Labor Day History
Many people associate Labor Day with the last long weekend of summer. Americans enjoy recreation before the school starts. There are different parades, festivals and sports events at this day. In fact, Labor Day represents the achievements of American workers and takes its beginning at the depressing times.
How did the Labor Day occur?
The first Labor Day was celebrated on September 5, 1882. However, the row of many events preceded that holiday.
The pick of Industrial Revolution in the USA is characterized by the 12-hours working day 7 days a week. In such a way, the average American laborer carried an unbearable burden of terrible working conditions, unsafe equipment, and scanty wages simply to survive.
At that time, agriculture development promoted the emergence of the American labor unions. With their help, employees were able to organize strikes and protests against poor working conditions and long working day. It was a period of the rough and sometimes violent fight for laborer’s rights.

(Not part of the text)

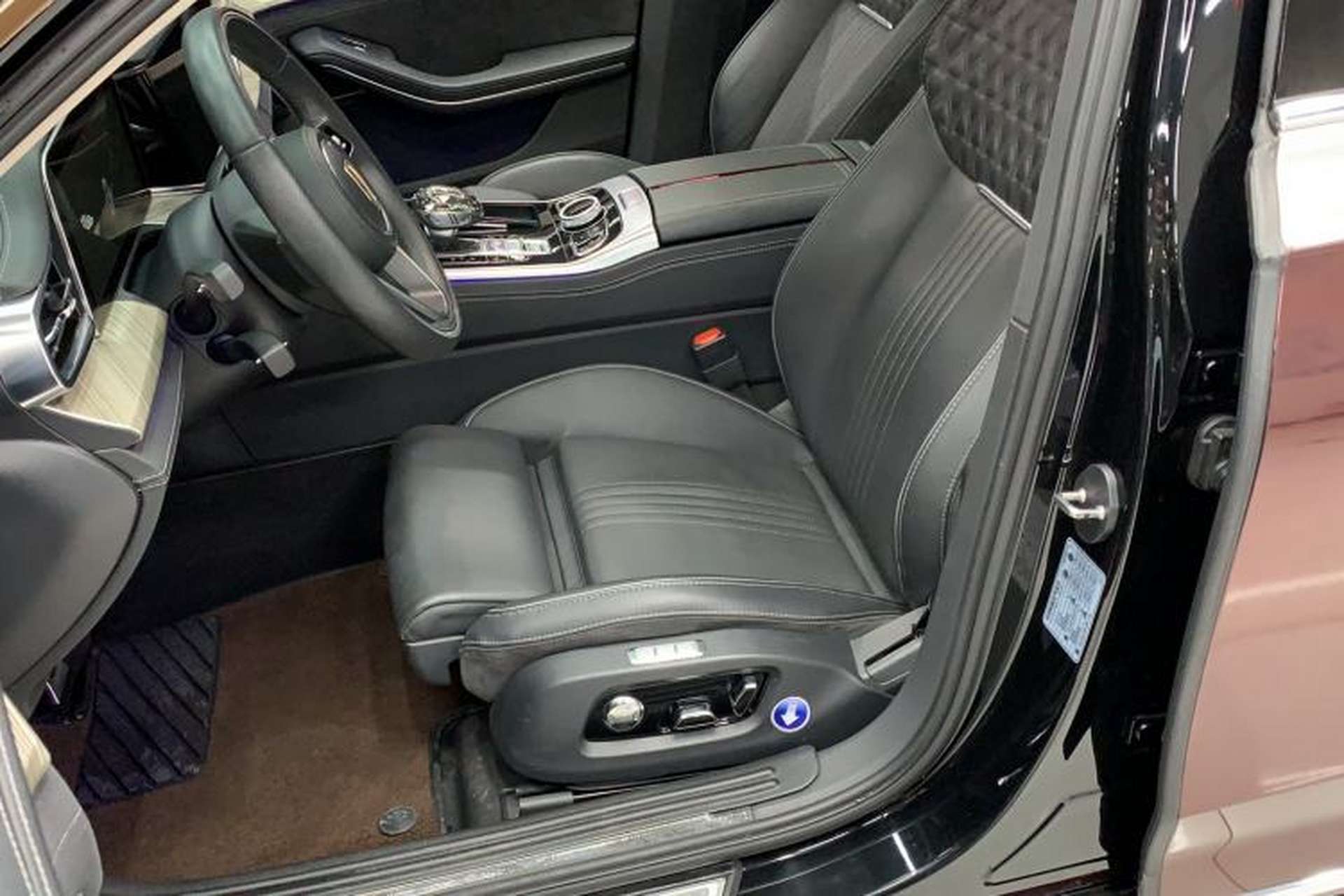 Used Hongqi H9 2020 2.0T Smart Connect Flagship Edition Left Front Seat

10,000 workers left their working place on September 5, 1882, to join the march from City Hall to Union Square in New York City. This is how Americans celebrated the very first Labor Day.
During 12 years, different states were adopting the Labor Day celebration on the first Monday in September. Finally, Congress legalized it as a federal holiday on May 11, 1894, after the Pullman Palace Car Company strike in Chicago.
Today, the United States celebrate Labor Day with parades, picnics, barbeques, and fireworks. There are no more riots and protests that remind of the hard path to the American prosperity. So, let us honor true laborers and their attainments on this Labor Day!